The walk across the Pulaski Bridge from Long Island City in Queens to Greenpoint in Brooklyn is nice enough, I suppose. It crosses the Newtown Creek and serves as the unofficial halfway point in the New York City Marathon. The name, if you even care, honors Kazimierz Pulaski, a Polish revolutionary war fighter. As you walk up the ramp, you cross over the MidTown Tunnel tolls. So far so good.
From midspan the western view is glorious. Where else in New York City can you see iconic skyscrapers and sailboats all at the same time?
But the view to the east is a bit odd. What IS that weird collection of giant stainless steel Hersey’s Kisses out there?

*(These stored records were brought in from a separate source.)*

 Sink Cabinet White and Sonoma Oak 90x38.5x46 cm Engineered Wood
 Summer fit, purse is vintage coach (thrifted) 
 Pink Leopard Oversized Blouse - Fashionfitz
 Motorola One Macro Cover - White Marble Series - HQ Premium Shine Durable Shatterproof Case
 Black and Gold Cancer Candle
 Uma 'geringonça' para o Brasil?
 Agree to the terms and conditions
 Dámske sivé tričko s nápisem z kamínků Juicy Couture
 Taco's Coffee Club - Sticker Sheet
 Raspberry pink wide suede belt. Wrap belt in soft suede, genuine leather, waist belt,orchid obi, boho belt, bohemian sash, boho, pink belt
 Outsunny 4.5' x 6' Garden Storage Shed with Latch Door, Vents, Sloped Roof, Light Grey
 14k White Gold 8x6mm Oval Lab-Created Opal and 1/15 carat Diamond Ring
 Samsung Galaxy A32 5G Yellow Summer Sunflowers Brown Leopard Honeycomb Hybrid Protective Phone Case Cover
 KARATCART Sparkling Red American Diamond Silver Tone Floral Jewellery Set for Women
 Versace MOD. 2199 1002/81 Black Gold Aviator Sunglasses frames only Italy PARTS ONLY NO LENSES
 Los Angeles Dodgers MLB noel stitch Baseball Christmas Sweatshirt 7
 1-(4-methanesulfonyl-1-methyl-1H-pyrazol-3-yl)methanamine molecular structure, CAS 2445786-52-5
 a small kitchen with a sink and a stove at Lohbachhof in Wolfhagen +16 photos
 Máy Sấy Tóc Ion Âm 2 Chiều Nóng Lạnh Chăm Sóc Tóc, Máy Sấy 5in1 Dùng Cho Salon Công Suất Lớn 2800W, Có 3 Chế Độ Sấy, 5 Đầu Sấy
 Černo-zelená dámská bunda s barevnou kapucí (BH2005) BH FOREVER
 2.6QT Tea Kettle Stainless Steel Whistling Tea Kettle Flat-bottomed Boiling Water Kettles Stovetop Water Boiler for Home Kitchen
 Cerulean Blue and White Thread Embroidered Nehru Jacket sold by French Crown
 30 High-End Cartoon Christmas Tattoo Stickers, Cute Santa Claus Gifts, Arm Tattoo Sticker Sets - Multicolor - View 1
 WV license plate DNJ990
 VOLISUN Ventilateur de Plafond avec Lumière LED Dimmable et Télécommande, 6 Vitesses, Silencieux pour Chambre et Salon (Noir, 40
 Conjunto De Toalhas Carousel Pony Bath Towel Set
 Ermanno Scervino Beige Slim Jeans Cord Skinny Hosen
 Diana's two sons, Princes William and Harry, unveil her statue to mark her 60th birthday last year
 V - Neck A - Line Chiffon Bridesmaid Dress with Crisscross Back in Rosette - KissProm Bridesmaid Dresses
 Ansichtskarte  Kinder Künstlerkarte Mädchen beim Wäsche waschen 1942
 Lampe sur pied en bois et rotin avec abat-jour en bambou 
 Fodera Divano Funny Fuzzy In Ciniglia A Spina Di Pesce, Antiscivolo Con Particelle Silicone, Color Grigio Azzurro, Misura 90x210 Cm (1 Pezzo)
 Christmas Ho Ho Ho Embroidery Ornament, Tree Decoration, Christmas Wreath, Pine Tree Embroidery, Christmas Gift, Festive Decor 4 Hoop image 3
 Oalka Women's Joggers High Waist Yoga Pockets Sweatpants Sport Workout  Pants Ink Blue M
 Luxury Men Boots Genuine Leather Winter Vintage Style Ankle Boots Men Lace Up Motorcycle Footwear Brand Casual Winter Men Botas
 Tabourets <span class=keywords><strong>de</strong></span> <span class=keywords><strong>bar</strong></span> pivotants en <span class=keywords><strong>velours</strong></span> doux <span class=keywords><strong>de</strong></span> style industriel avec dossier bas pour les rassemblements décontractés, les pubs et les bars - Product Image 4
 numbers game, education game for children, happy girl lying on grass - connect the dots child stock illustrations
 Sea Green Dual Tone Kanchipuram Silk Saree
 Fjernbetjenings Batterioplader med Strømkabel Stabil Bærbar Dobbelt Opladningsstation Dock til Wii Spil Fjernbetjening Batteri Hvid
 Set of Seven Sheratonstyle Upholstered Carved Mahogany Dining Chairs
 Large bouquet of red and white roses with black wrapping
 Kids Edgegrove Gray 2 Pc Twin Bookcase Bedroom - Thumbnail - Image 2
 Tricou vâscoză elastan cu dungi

At first I thought... “above ground natural gas tanks?” Um, no. That’s the Newtown Creek Wastewater Treatment plant. Those 8 tanks are called “digester eggs”, 24 million gallons of that which we mercifully flush away. Whoa.
from Google Earth
From the New York Times:
What goes on inside the digesters is ... vital to processing millions of gallons of waste water every day. Sludge, which is removed from sewage, is broken down within the digesters into more stable materials: water, carbon dioxide, methane gas and digested sludge, which can be formed into dry cakes and then, after additional processing, used as fertilizer. The shape of the egg helps concentrate grit in the bottom of the tank and gas concentrations at the top. Each egg holds three million gallons of sludge.
Eight huge tanks of you-know-what placed in Brooklyn and viewable from Queens? Ha.
One more reason to love living in the Bronx!